_Problem requirements_: In the data below, restate exactly the lines from the one with "VENTA LOTE CINCO SOLES, CINCO SALTOS" to the final line, both included, but not the pictures.

_Available records_:
----
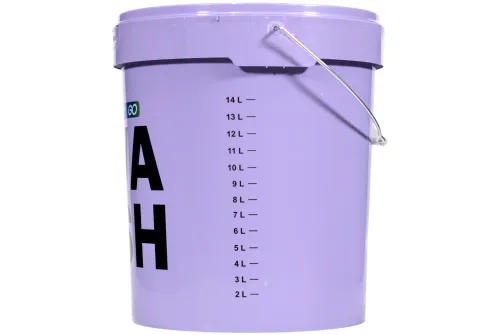 Lila Monster Shine New Detaljvårdshink 16L med Double Lock-lock och metallhandtag för tvåhinkstvätt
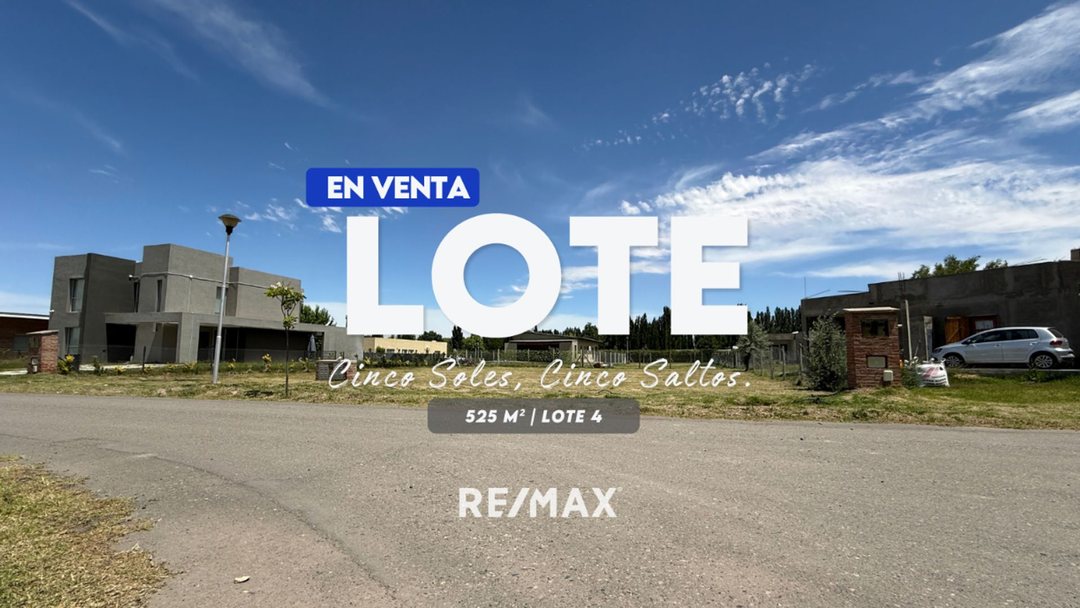 VENTA LOTE CINCO SOLES, CINCO SALTOS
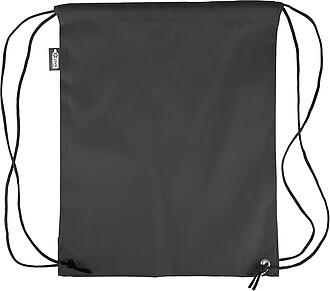 rPET polyester (210D) drawstring backpack, black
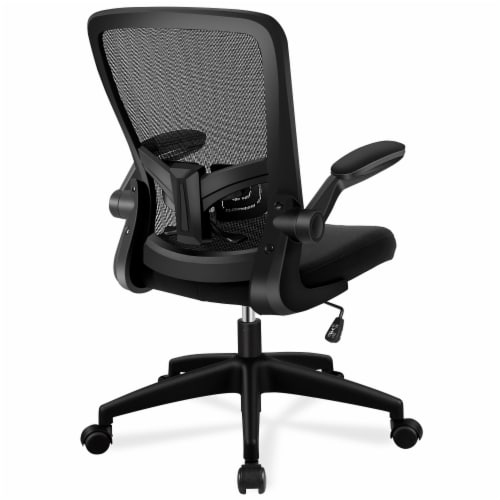 Costway Office Chair Adjustable Mesh Computer Chair with Sliding Seat & Lumbar Support, Black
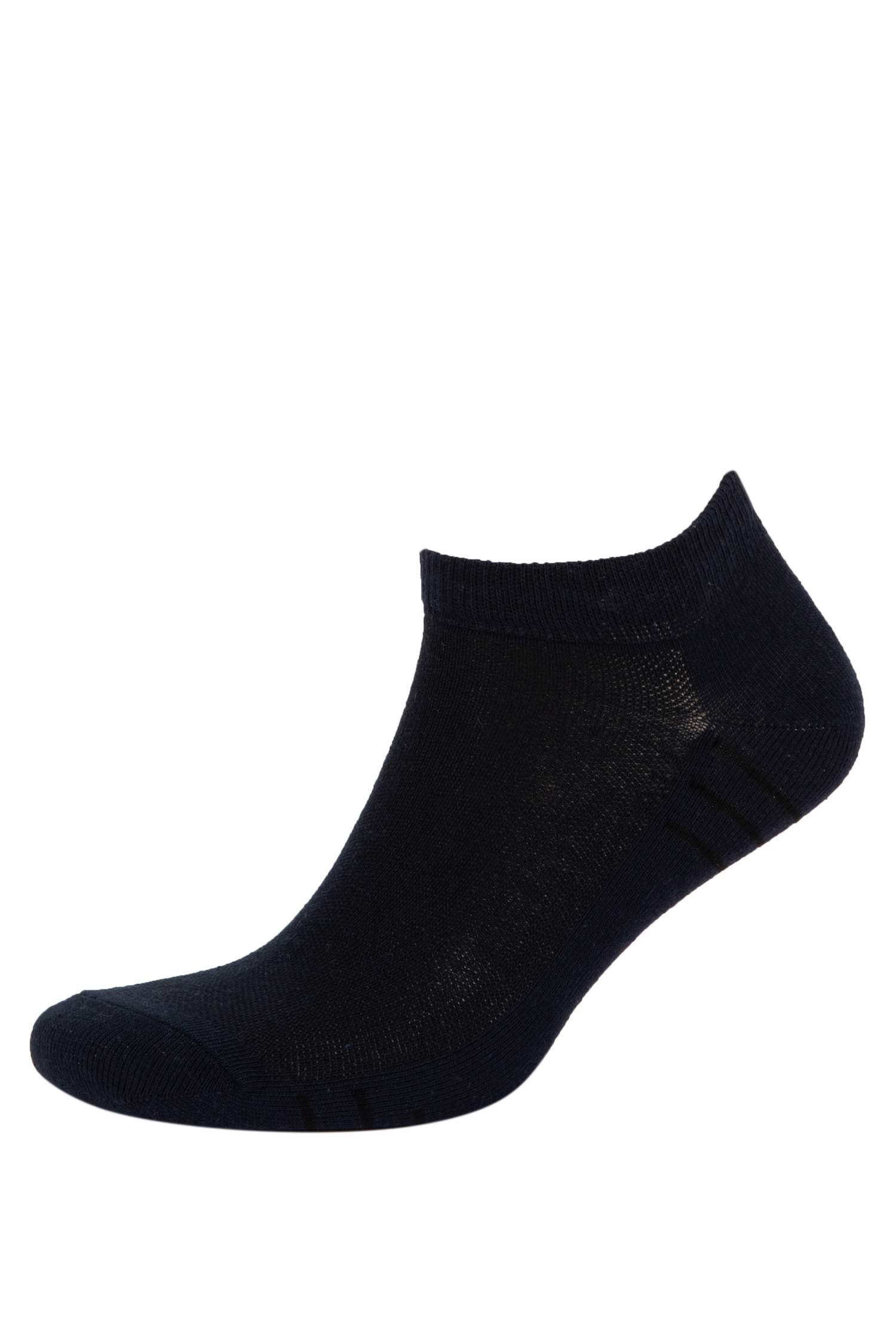 Erkek Baskılı 5'li Pamuklu Patik Çorap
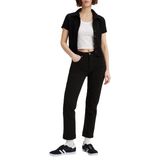 Levi's 501 Crop Jeans Kadın Jean Pantolon Black (0085) 28W / 28L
----
_Response below_:
 VENTA LOTE CINCO SOLES, CINCO SALTOS
 rPET polyester (210D) drawstring backpack, black
 Costway Office Chair Adjustable Mesh Computer Chair with Sliding Seat & Lumbar Support, Black
 Erkek Baskılı 5'li Pamuklu Patik Çorap
 Levi's 501 Crop Jeans Kadın Jean Pantolon Black (0085) 28W / 28L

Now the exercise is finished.